# Tele Bindings with regular boots



## Gremf (Jan 5, 2010)

I have been jonesin to go tele but just bought new boots last year.  At Ski Sundown last week, I thought I saw someone with teles and regular boots.  Do you need a special binding or will regular boots work?

Thanks


----------



## amf (Jan 5, 2010)

Gremf said:


> ...I thought I saw someone with teles and regular boots.  Do you need a special binding or will regular boots work?



You may have seen someone on the NTN bindings... I believe they still require a special boot.


----------



## SKIQUATTRO (Jan 5, 2010)

u need the NTN

www.telemarkdown.com


----------



## TheBEast (Jan 5, 2010)

This could have been an alpine touring type binding.  There is an older guy at Berkshire East who skis this older alpine touring set-up that has a regular alpine boot but has a lockable heel.  I question this set-up as it really isn't tele and I'm not sure why he would want to ski them unlocked, when he probably really shouldn't be skiing them unlocked and they were probably meant to be unlocked on the ascent and locked on the decent.

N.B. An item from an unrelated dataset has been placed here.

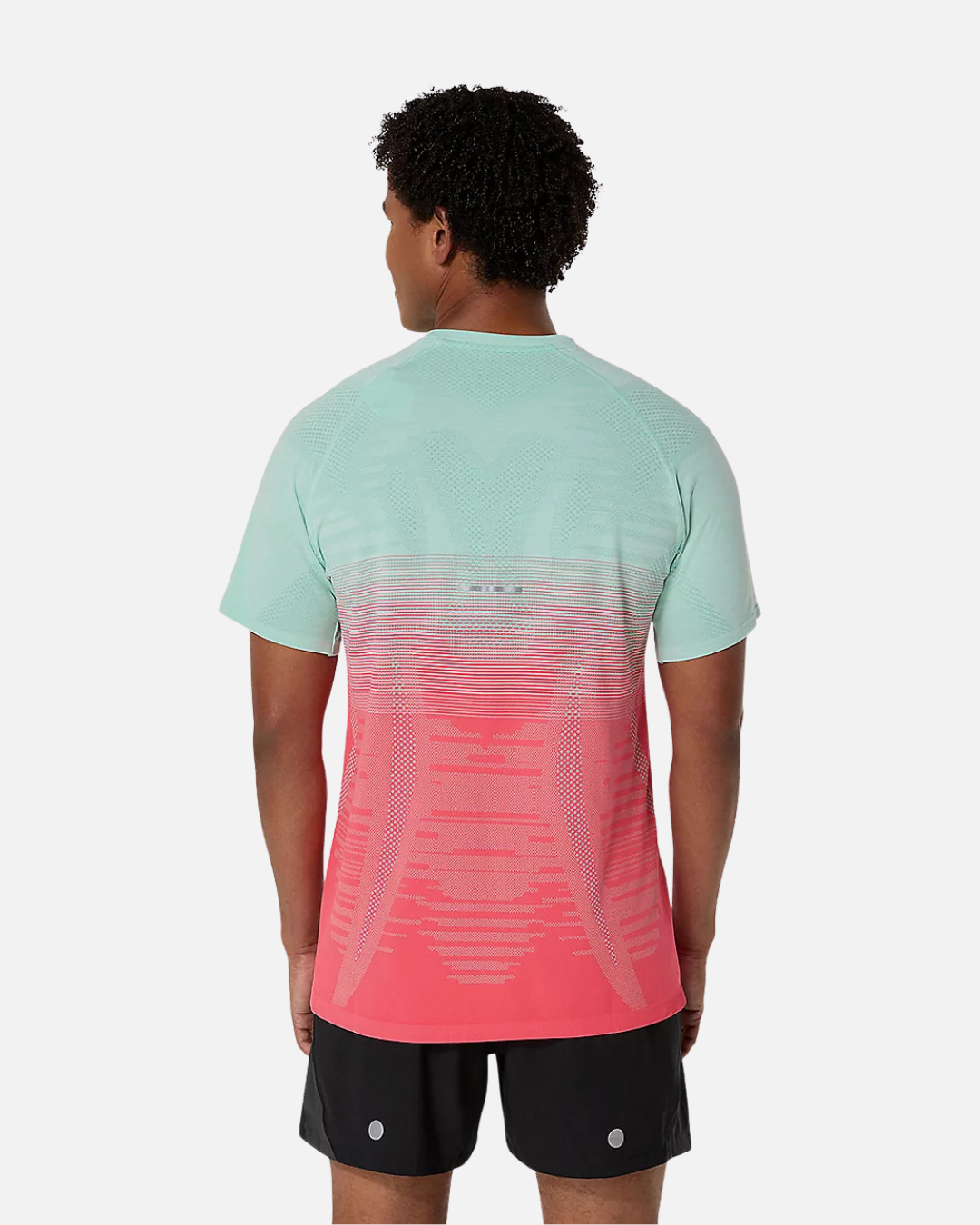 T-shirt Asics Seamless - Rose/Vert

Either way a tele binding needs a tele boot.


----------



## selski (Jan 5, 2010)

That was most likely a randonee set up.  The boots are similar to regular alpine boots but not exactly.  The bindings unlock to free the heel for climbing and lock for the downhill.  Go for the true tele experience, it is worth it.  Unfortunately my brand new skis never left the rack again after I made the switch.


----------



## JD (Jan 5, 2010)

Randonee=french for can't telemark.


----------



## JD (Jan 5, 2010)

Look for deals on used tele boots.  Lots of folks have been going to stiffer and stiffer boots.  you can score some nice lighter boots for cheap, like less the a C note at some stores like Outdoor Gear Exchange.  You can buy a scaled BC ski and binding for about 120 bucks.   Great little set up to get out in the back woods or local MTB trails, or sledding hill...start to get the feel for it.  If you like touring, you will know immediately.


----------



## Gremf (Jan 5, 2010)

JD said:


> You can buy a scaled BC ski and binding for about 120 bucks.



Where is this?


----------